- **Task details**
Using the listing below, copy exactly the lines from the one containing "Homes for sale" to the one containing "Toyota Corolla Cross", both lines included, and no others.

- **Working data**
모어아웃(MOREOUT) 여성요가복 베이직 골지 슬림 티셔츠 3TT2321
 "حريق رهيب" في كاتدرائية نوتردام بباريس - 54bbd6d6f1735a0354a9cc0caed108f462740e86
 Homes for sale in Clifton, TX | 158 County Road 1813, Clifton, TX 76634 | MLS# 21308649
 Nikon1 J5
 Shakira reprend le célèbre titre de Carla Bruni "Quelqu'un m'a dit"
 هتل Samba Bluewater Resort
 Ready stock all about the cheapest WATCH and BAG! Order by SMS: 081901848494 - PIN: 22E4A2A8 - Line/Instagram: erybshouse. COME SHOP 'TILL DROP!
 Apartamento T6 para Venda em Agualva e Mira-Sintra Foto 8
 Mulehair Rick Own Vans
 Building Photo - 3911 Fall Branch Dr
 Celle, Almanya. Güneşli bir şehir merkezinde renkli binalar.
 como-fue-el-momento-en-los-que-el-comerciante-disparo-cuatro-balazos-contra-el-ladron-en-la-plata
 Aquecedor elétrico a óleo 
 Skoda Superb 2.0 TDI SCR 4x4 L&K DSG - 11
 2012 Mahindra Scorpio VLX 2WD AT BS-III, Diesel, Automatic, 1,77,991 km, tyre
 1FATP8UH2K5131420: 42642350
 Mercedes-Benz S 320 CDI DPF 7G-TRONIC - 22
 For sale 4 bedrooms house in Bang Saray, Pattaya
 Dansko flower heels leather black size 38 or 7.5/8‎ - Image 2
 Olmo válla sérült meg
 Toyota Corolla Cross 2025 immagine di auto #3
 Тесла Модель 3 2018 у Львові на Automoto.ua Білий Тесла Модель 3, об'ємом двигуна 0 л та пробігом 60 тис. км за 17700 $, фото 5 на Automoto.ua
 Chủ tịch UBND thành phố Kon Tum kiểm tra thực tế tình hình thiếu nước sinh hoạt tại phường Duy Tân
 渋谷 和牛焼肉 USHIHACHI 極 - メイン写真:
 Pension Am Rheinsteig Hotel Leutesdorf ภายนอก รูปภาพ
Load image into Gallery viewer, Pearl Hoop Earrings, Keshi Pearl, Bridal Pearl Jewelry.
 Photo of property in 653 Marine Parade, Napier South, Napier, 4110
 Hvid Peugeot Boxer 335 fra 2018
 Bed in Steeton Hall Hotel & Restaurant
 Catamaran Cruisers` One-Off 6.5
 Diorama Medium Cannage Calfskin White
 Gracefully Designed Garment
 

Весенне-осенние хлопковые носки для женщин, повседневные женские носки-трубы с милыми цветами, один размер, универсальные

- **Written response**
 Homes for sale in Clifton, TX | 158 County Road 1813, Clifton, TX 76634 | MLS# 21308649
 Nikon1 J5
 Shakira reprend le célèbre titre de Carla Bruni "Quelqu'un m'a dit"
 هتل Samba Bluewater Resort
 Ready stock all about the cheapest WATCH and BAG! Order by SMS: 081901848494 - PIN: 22E4A2A8 - Line/Instagram: erybshouse. COME SHOP 'TILL DROP!
 Apartamento T6 para Venda em Agualva e Mira-Sintra Foto 8
 Mulehair Rick Own Vans
 Building Photo - 3911 Fall Branch Dr
 Celle, Almanya. Güneşli bir şehir merkezinde renkli binalar.
 como-fue-el-momento-en-los-que-el-comerciante-disparo-cuatro-balazos-contra-el-ladron-en-la-plata
 Aquecedor elétrico a óleo 
 Skoda Superb 2.0 TDI SCR 4x4 L&K DSG - 11
 2012 Mahindra Scorpio VLX 2WD AT BS-III, Diesel, Automatic, 1,77,991 km, tyre
 1FATP8UH2K5131420: 42642350
 Mercedes-Benz S 320 CDI DPF 7G-TRONIC - 22
 For sale 4 bedrooms house in Bang Saray, Pattaya
 Dansko flower heels leather black size 38 or 7.5/8‎ - Image 2
 Olmo válla sérült meg
 Toyota Corolla Cross 2025 immagine di auto #3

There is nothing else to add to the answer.